Top of Data for this task

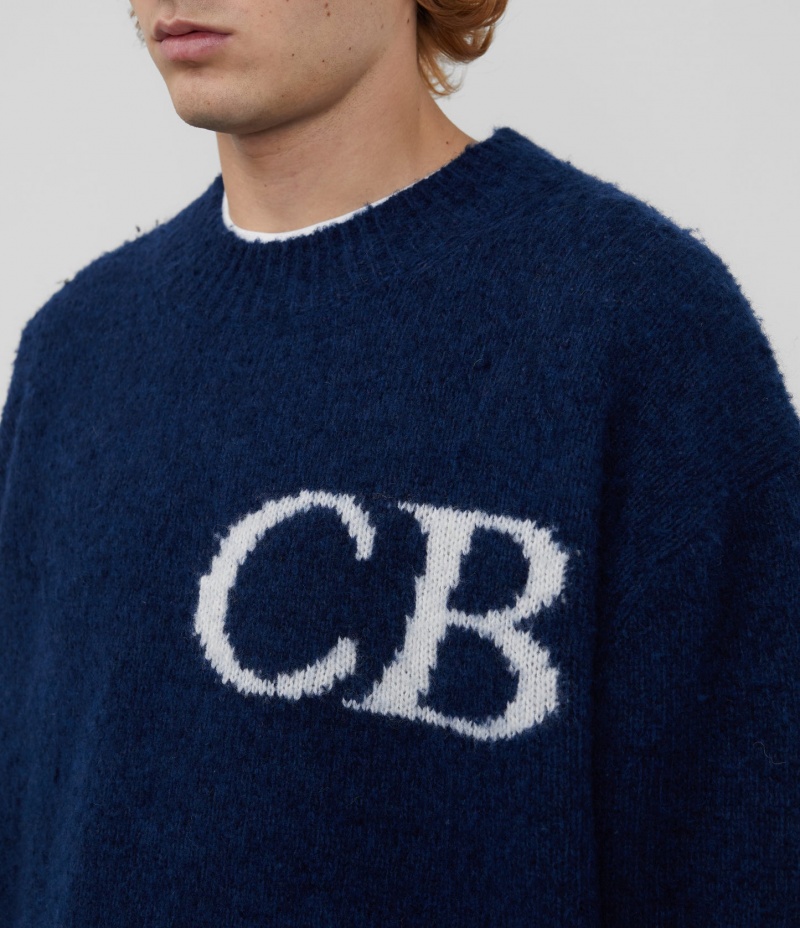 Men's Cole Buxton Cb Logo Knit Sweater Navy | 90853ILOG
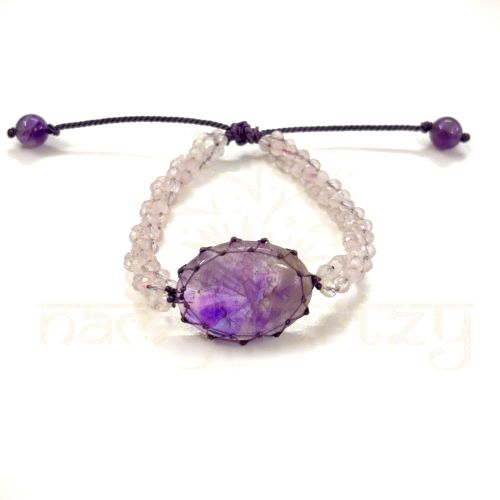 Handmade, Natural Amethyst-Rose Quartz Tumbled Gemstone Hand-Knotted Bracelet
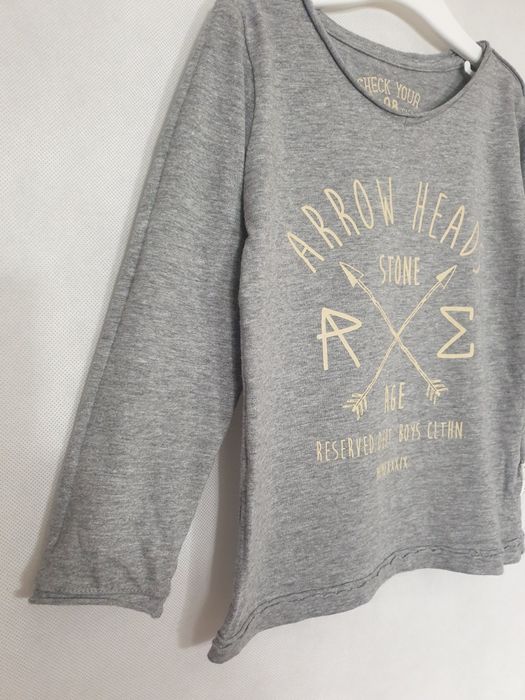 Szara bluzka z nadrukiem reserved 98 cm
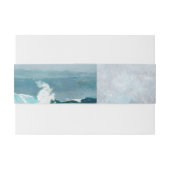 Waterverf Beach Ocean Waves Monogram Weddenschap Uitnodigingen Wikkel (Achterkant Voorbeeld)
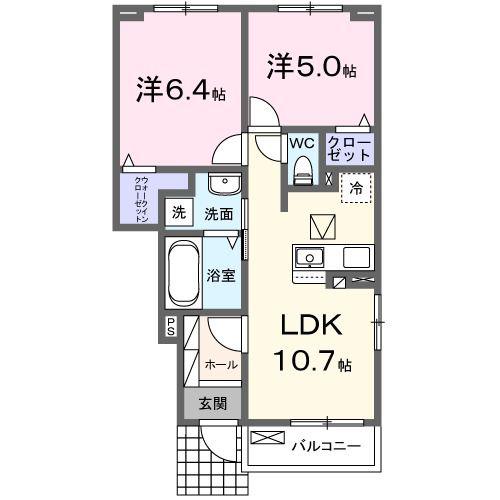 ウエストアヴェニュー行橋(2LDK/1階)の間取り写真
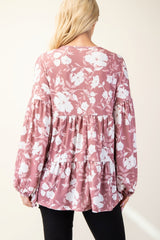Tiered Floral V-Neck Long Sleeve Blouse Celeste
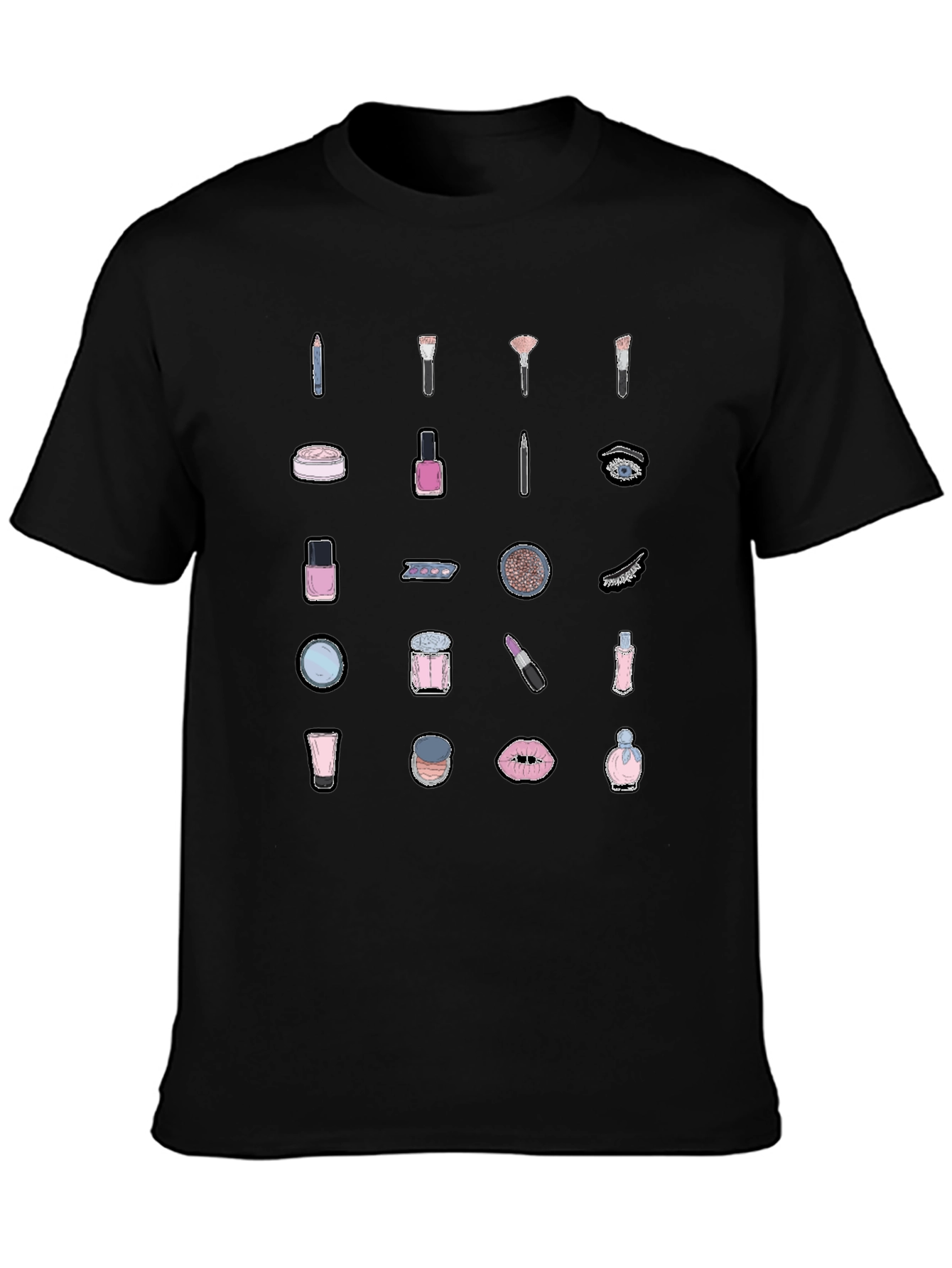 Makeup Pattern T-Shirt - Stylish Beauty Design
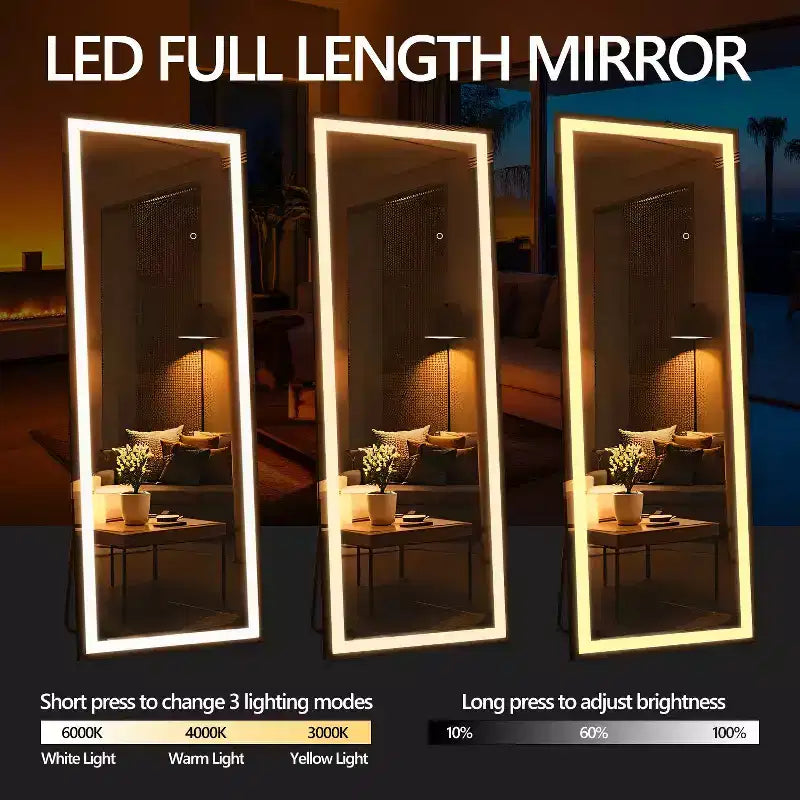 Espejo moderno de cuerpo entero con LED de 3 colores ajustables, espejo montado en la pared, de pie, colgante o apoyado, para sala de estar y dormitorio, negro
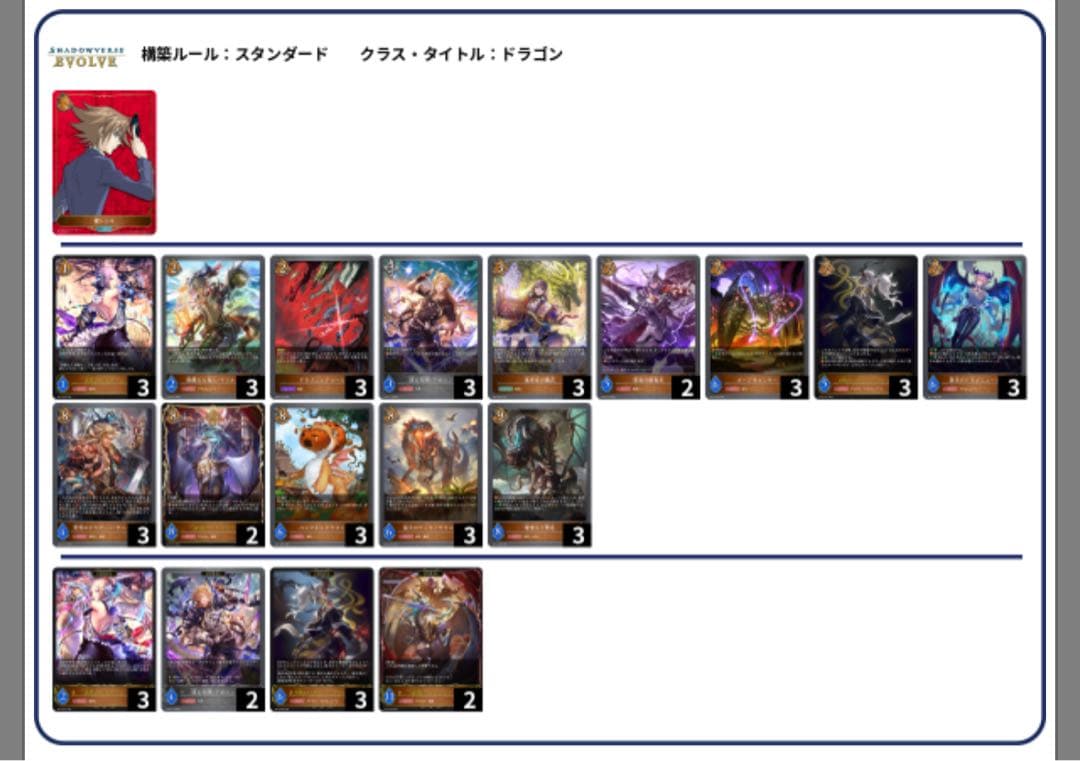 シャドウバースエボルヴ　7ドラ　デッキセット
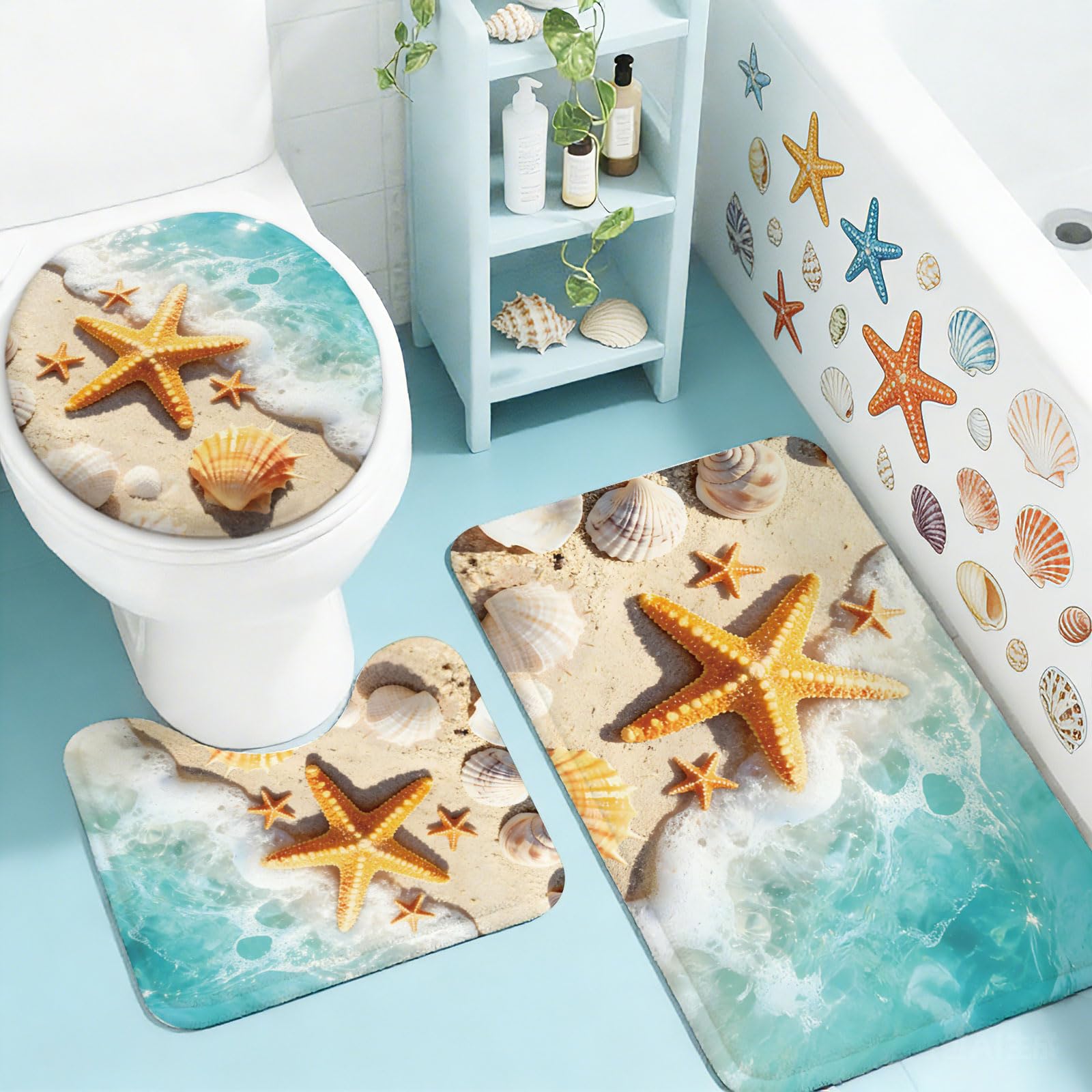 peacoblue Set di 3 tappetini da bagno con stelle marine e conchiglie
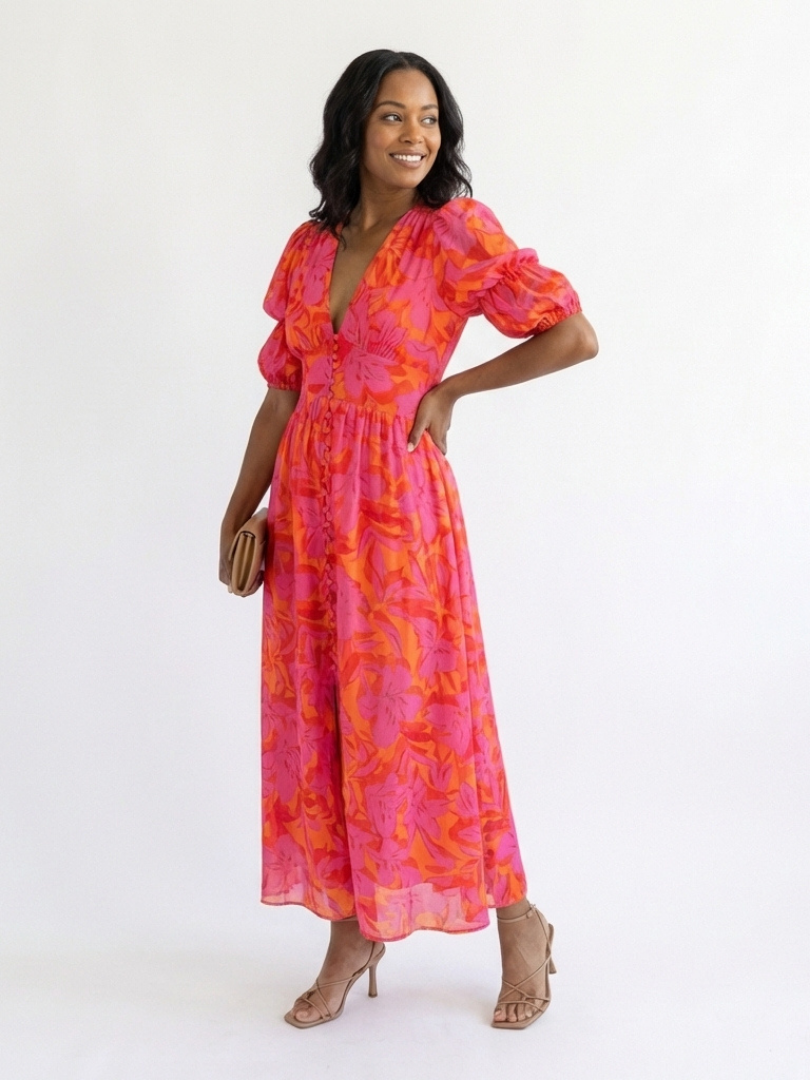 Naomi Floral V Neck Puff Sleeve Midi Dress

Bottom of Data for this task

Exercise goal
Make an exact copy of the records above, with the pictures left out.

Solution for this exercise
 Men's Cole Buxton Cb Logo Knit Sweater Navy | 90853ILOG
 Handmade, Natural Amethyst-Rose Quartz Tumbled Gemstone Hand-Knotted Bracelet
 Szara bluzka z nadrukiem reserved 98 cm
 Waterverf Beach Ocean Waves Monogram Weddenschap Uitnodigingen Wikkel (Achterkant Voorbeeld)
 ウエストアヴェニュー行橋(2LDK/1階)の間取り写真
Tiered Floral V-Neck Long Sleeve Blouse Celeste
 Makeup Pattern T-Shirt - Stylish Beauty Design
 Espejo moderno de cuerpo entero con LED de 3 colores ajustables, espejo montado en la pared, de pie, colgante o apoyado, para sala de estar y dormitorio, negro
 シャドウバースエボルヴ　7ドラ　デッキセット
 peacoblue Set di 3 tappetini da bagno con stelle marine e conchiglie
 Naomi Floral V Neck Puff Sleeve Midi Dress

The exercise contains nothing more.